ACTIVITY: Return only those lines of the listing that hold the word "Free".

RAW DATA:
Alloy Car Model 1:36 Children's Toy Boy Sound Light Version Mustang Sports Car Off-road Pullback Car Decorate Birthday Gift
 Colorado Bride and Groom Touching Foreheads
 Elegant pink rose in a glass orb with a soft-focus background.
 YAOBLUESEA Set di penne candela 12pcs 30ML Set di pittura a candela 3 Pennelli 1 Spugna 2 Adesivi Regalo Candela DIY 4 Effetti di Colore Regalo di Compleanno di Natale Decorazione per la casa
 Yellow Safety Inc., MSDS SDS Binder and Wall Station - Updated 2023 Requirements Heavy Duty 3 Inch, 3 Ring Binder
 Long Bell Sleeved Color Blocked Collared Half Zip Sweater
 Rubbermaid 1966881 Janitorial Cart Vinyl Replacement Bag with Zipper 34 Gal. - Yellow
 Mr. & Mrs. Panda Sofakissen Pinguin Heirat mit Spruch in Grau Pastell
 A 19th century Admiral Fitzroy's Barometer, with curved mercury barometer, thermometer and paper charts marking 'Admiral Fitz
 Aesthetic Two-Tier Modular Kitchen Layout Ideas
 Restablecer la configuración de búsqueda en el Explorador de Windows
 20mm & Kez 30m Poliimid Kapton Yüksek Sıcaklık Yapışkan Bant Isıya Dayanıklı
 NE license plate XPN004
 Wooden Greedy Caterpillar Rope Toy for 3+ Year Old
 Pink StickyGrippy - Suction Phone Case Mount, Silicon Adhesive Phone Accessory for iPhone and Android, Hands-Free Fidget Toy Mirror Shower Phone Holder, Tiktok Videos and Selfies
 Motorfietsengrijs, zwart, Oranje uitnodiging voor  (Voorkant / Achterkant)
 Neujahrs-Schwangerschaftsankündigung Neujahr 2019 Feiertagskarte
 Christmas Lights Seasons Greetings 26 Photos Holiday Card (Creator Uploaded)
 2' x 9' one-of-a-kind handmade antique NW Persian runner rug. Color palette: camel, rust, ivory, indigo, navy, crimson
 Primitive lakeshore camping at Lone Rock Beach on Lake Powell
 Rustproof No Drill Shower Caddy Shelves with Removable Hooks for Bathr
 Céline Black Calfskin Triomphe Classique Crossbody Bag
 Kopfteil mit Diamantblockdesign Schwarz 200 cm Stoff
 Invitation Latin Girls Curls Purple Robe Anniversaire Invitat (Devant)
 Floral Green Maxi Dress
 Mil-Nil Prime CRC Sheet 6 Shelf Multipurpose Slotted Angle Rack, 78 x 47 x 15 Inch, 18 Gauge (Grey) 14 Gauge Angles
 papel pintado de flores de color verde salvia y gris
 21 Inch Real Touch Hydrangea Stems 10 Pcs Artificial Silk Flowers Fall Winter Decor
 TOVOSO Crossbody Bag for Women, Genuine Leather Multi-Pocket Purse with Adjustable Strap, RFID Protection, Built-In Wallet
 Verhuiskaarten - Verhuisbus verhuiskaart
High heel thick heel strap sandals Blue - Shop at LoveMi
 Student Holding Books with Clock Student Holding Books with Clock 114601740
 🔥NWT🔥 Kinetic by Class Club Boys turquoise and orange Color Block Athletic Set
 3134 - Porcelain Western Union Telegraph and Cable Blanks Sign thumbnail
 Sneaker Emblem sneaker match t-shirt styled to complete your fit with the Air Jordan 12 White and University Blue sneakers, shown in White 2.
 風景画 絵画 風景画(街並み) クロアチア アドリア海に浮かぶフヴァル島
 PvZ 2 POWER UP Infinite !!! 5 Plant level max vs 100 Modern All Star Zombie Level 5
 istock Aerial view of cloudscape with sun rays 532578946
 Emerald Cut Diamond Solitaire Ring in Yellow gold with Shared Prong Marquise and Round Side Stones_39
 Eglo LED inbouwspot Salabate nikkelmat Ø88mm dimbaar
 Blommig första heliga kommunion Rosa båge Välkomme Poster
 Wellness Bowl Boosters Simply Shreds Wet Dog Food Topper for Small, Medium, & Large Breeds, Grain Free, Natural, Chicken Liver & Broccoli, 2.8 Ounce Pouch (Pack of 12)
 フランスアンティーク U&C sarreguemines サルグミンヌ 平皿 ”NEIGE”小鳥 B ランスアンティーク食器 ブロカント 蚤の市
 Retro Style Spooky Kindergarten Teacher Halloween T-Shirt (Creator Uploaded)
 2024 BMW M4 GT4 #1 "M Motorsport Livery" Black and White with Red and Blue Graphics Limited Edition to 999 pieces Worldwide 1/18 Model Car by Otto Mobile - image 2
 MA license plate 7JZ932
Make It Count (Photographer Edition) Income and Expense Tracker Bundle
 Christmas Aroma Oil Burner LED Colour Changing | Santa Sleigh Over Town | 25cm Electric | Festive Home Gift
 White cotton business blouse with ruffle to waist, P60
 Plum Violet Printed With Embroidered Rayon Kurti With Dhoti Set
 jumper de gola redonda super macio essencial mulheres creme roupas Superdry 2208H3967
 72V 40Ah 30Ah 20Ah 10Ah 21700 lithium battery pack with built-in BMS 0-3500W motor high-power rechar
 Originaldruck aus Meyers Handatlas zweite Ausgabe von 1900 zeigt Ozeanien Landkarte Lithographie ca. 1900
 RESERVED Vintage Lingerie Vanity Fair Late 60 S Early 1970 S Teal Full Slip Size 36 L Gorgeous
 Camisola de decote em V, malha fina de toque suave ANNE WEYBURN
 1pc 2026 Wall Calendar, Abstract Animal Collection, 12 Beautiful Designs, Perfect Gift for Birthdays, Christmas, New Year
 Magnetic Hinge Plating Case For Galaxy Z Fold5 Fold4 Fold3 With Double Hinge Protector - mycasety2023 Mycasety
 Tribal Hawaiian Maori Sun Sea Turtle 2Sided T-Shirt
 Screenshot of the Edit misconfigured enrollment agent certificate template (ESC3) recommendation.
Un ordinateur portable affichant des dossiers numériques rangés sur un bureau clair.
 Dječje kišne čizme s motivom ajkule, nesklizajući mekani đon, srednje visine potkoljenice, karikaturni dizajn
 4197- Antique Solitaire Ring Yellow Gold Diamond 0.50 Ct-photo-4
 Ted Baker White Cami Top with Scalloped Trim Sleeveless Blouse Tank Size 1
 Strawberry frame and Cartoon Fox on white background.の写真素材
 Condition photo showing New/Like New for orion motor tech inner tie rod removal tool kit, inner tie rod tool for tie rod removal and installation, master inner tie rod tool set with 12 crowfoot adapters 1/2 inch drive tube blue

TASK SOLUTION:
 Pink StickyGrippy - Suction Phone Case Mount, Silicon Adhesive Phone Accessory for iPhone and Android, Hands-Free Fidget Toy Mirror Shower Phone Holder, Tiktok Videos and Selfies
 Wellness Bowl Boosters Simply Shreds Wet Dog Food Topper for Small, Medium, & Large Breeds, Grain Free, Natural, Chicken Liver & Broccoli, 2.8 Ounce Pouch (Pack of 12)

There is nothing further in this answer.